_Problem_
Give a verbatim copy of the lines below, minus the pictures.

_Listed entries_
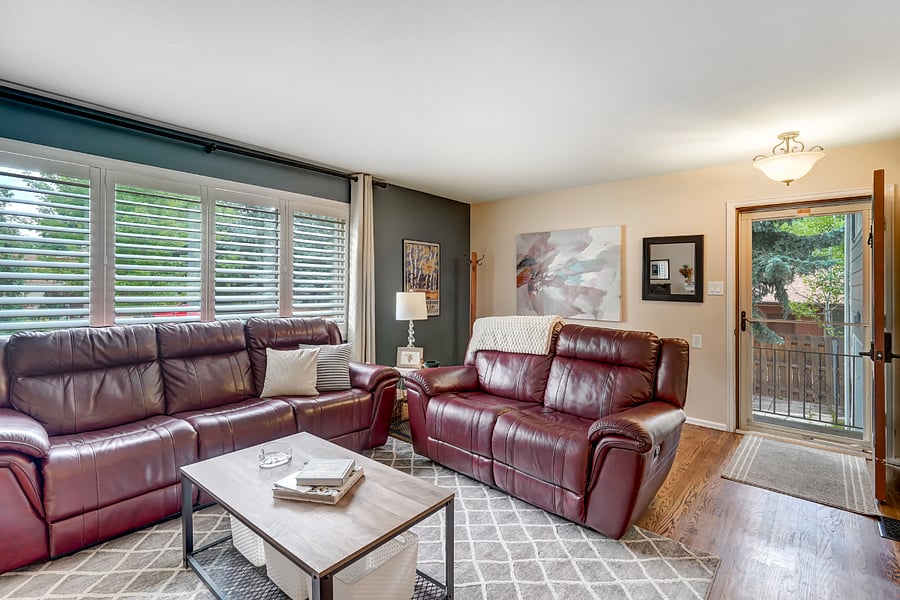Furnished Finder property 744974_1 photo 8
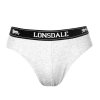 lonsdale slipy (1)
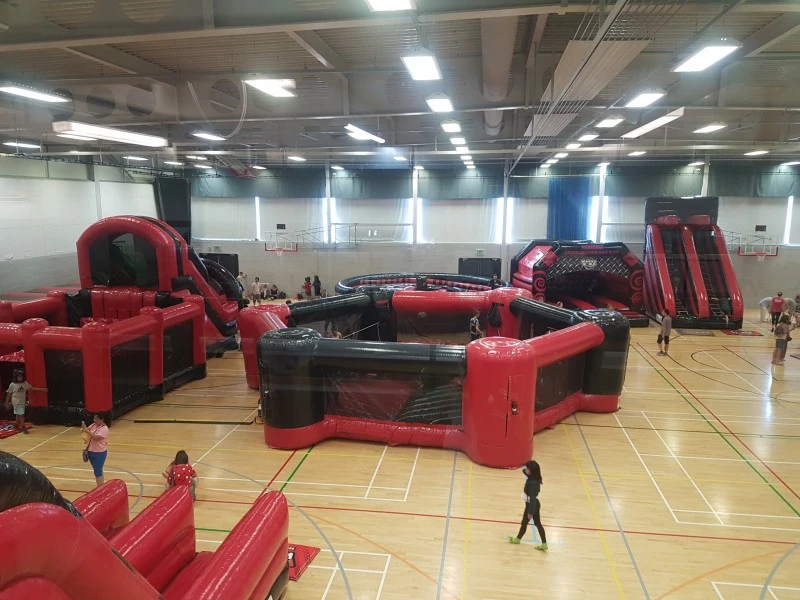 Oaklands College St. Albans Campus  photo 5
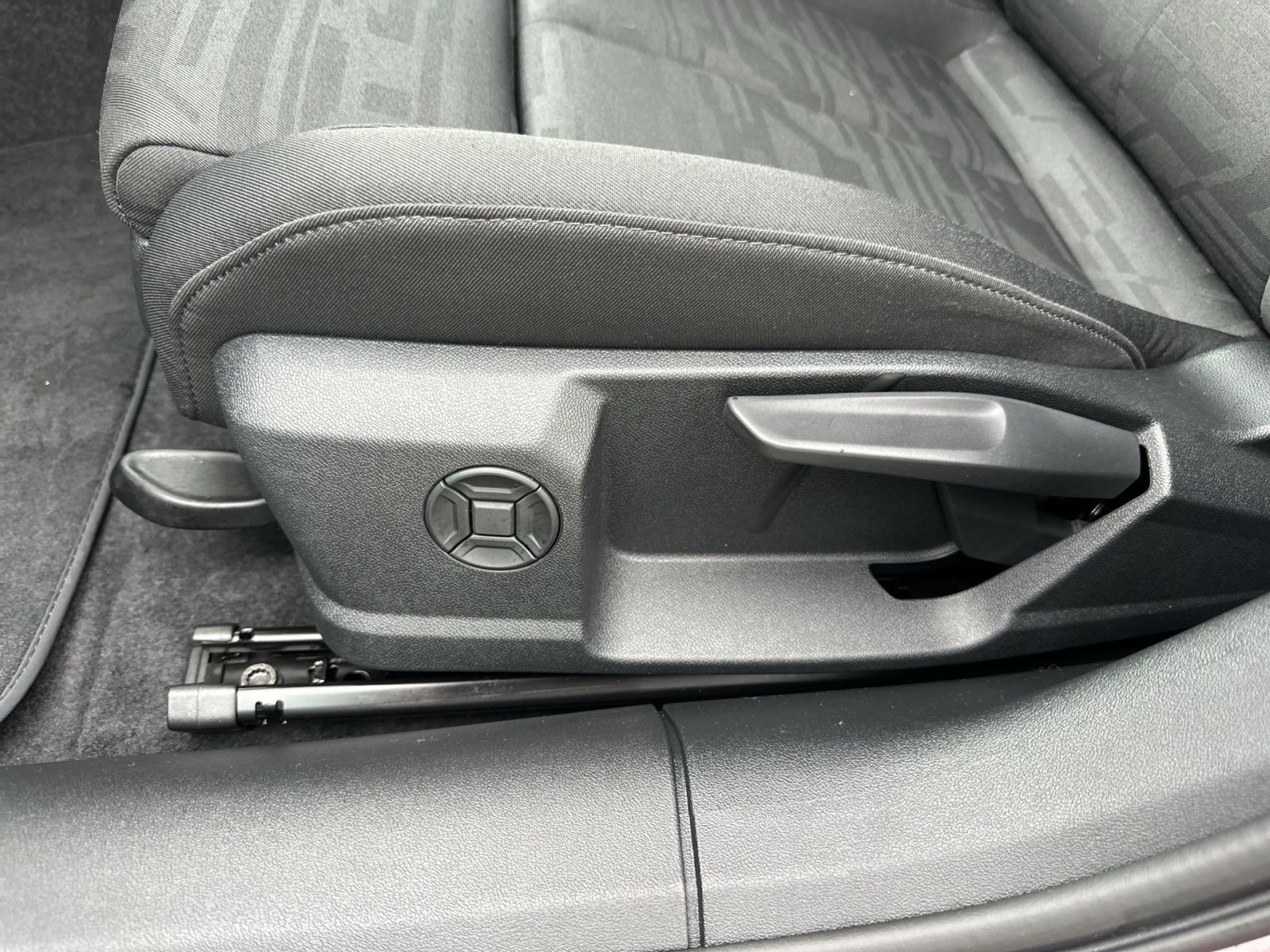 Audi A5 - Bild 23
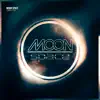 Moon Space Compilation Vol.1 album lyrics, reviews, download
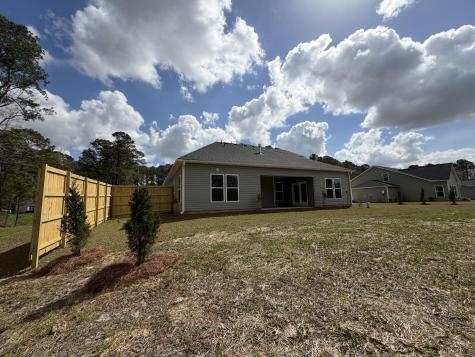 1956 Central Avenue Summerville SC 29483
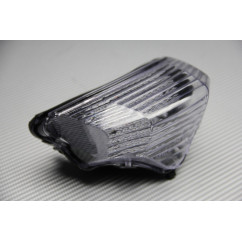 LED-Bremslicht mit Blinker YAMAHA FZ6 N / F / Fazer 600 2004 - 2014
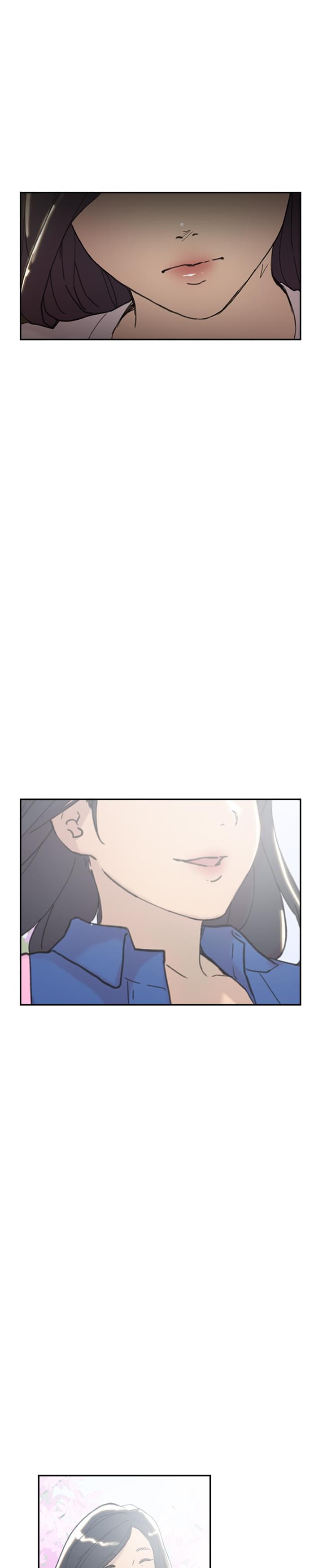 夏达漫画韩漫全集-第42话无删减无遮挡章节图片 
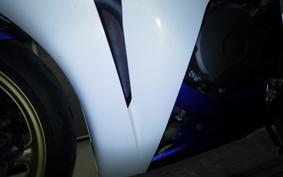 HONDA CBR1000RR Gen. 2 2009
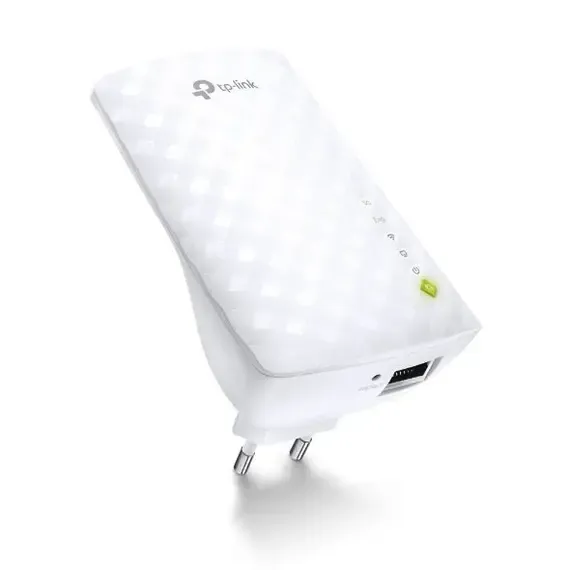 Zgjërues Rrjeti Tp-Link RE200 V5 Mesh AC750 750Mbit - 2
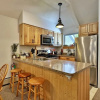 Отель The Woods by Killington Vacation Rentals - 2 Bedrooms, фото 15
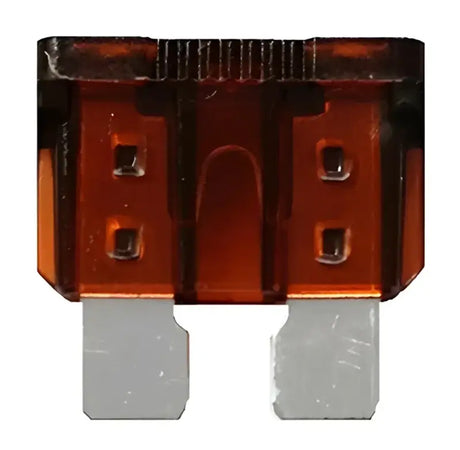 24357-7 Fuse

_Written answer_
Furnished Finder property 744974_1 photo 8
 lonsdale slipy (1)
 Oaklands College St. Albans Campus  photo 5
 Audi A5 - Bild 23
 Moon Space Compilation Vol.1 album lyrics, reviews, download
 1956 Central Avenue Summerville SC 29483
 LED-Bremslicht mit Blinker YAMAHA FZ6 N / F / Fazer 600 2004 - 2014
 夏达漫画韩漫全集-第42话无删减无遮挡章节图片 
 HONDA CBR1000RR Gen. 2 2009
 Zgjërues Rrjeti Tp-Link RE200 V5 Mesh AC750 750Mbit - 2
 Отель The Woods by Killington Vacation Rentals - 2 Bedrooms, фото 15
 24357-7 Fuse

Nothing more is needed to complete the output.